§ DATASET EXTRACT
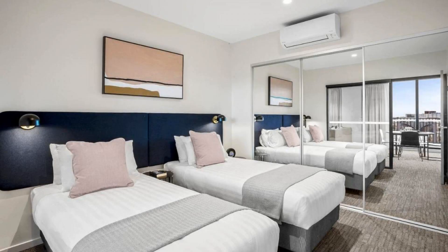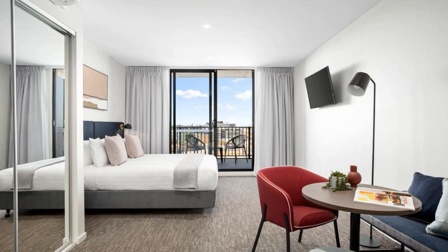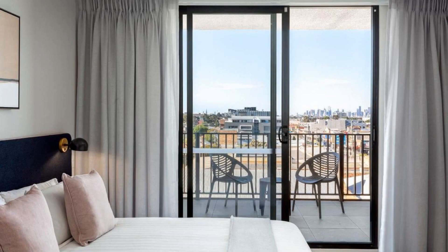Hi guys, welcome back to my channel. I am now watching The Home Star Hotel. The location of the hotel is superb and guests love walking around the neighborhood. There are 10 types of rooms available on booking.com. You can go online and enjoy it.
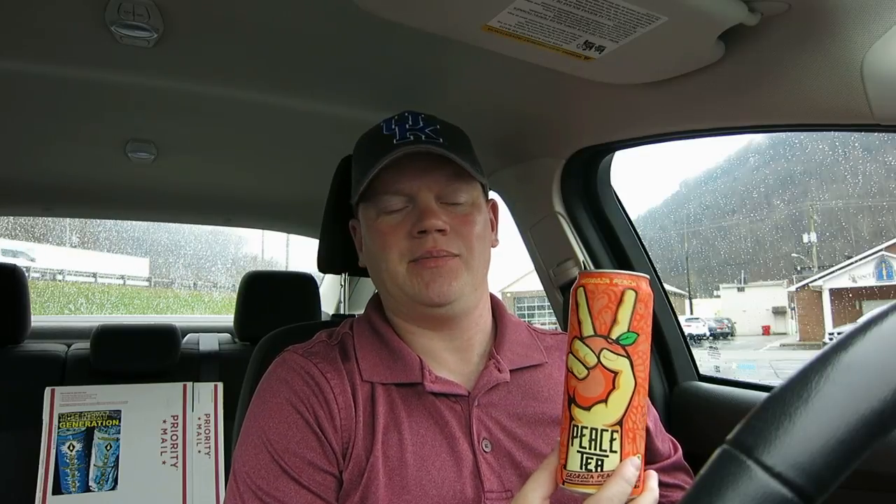Check that out — natural flavors, no colors added, made with peace love and happiness. I've only reviewed one of the Peace Teas and I loved it a lot. These are very inexpensive — you get a nice 23-ounce can for 98 cents at Walmart, that's where I got it.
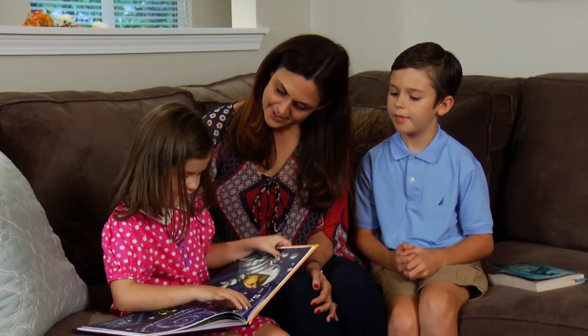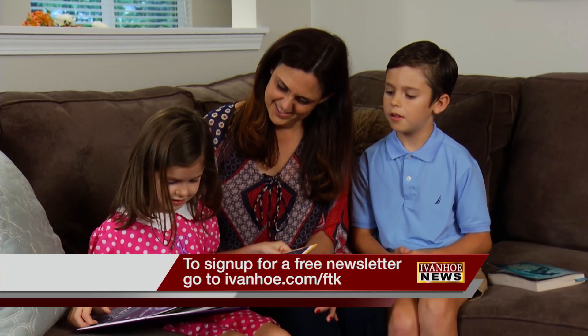Not having that constant fear and worry is the most amazing thing. I'm Marty Salt reporting.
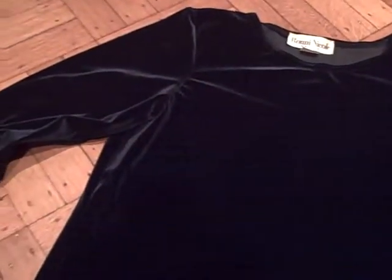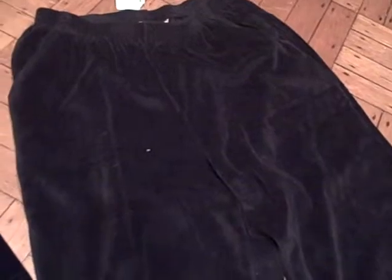I saw it on full price day but I wanted to wait for half price and it was still there. I got this deep forest green velvet long sleeve top for four dollars. And I got these black velvety — I guess velvet or velour — sports pants, they were three dollars.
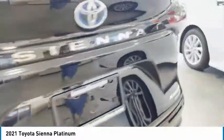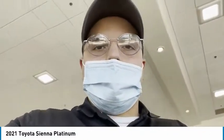Add a refined and fuel-efficient V6 engine, a smooth ride, and upscale interior accommodations to the mix, and it's easy to see that Sienna is built with the whole family in mind. This vehicle has less than 100 miles.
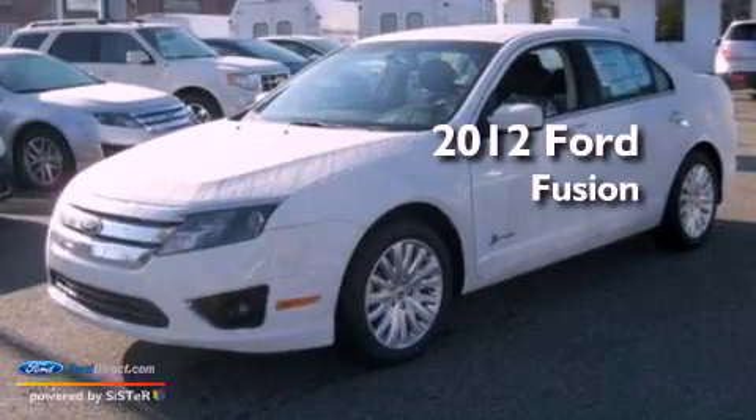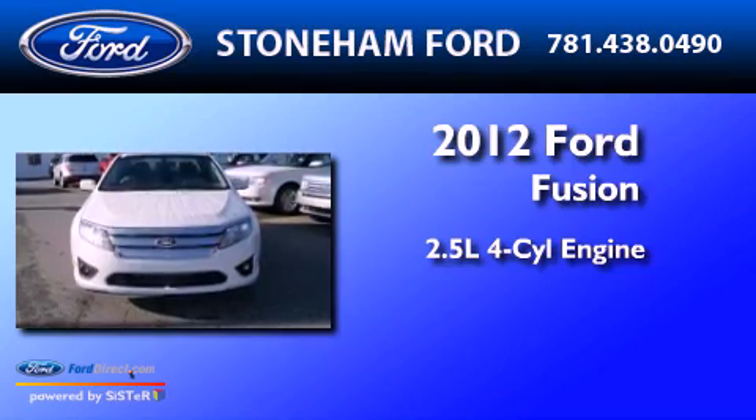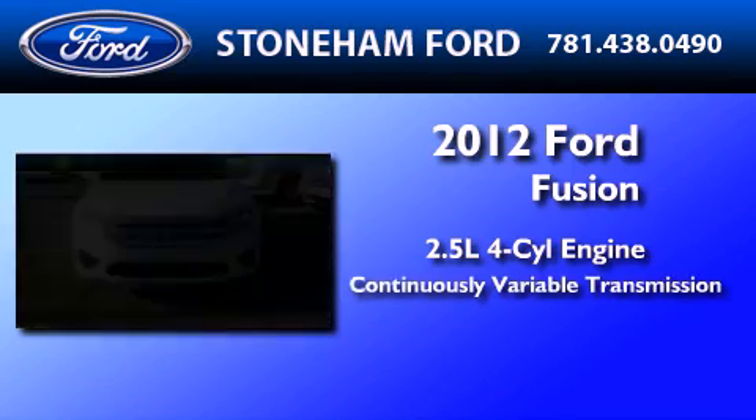This is a brand new 2012 Ford Fusion. It features a 2.5-liter four-cylinder engine and a continuous variable transmission.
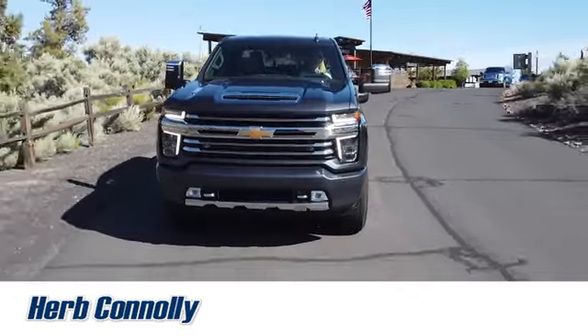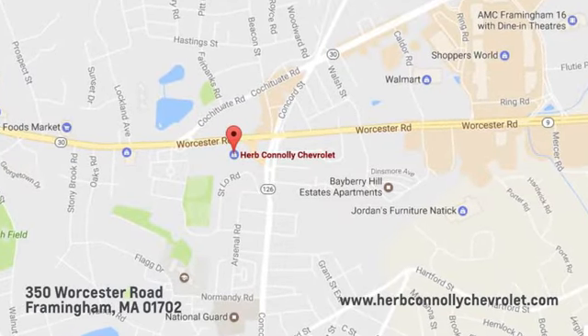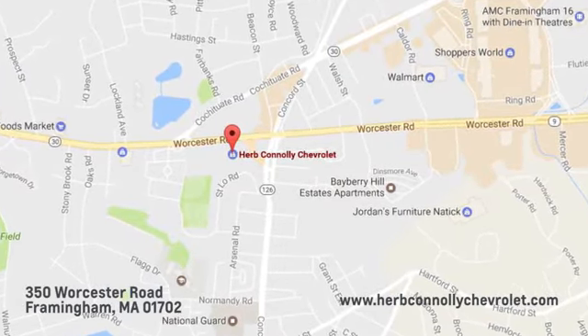Call, click, or stop in and see us today. We're conveniently located just off Route 9 East at 350 Worcester Road.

§ TASK DESCRIPTION
Please set down the records above word for word and omit their pictures.

§ SOLUTION TO THIS PROBLEM
Hi guys, welcome back to my channel. I am now watching The Home Star Hotel. The location of the hotel is superb and guests love walking around the neighborhood. There are 10 types of rooms available on booking.com. You can go online and enjoy it.
Check that out — natural flavors, no colors added, made with peace love and happiness. I've only reviewed one of the Peace Teas and I loved it a lot. These are very inexpensive — you get a nice 23-ounce can for 98 cents at Walmart, that's where I got it.
Not having that constant fear and worry is the most amazing thing. I'm Marty Salt reporting.
I saw it on full price day but I wanted to wait for half price and it was still there. I got this deep forest green velvet long sleeve top for four dollars. And I got these black velvety — I guess velvet or velour — sports pants, they were three dollars.
Add a refined and fuel-efficient V6 engine, a smooth ride, and upscale interior accommodations to the mix, and it's easy to see that Sienna is built with the whole family in mind. This vehicle has less than 100 miles.
This is a brand new 2012 Ford Fusion. It features a 2.5-liter four-cylinder engine and a continuous variable transmission.
Call, click, or stop in and see us today. We're conveniently located just off Route 9 East at 350 Worcester Road.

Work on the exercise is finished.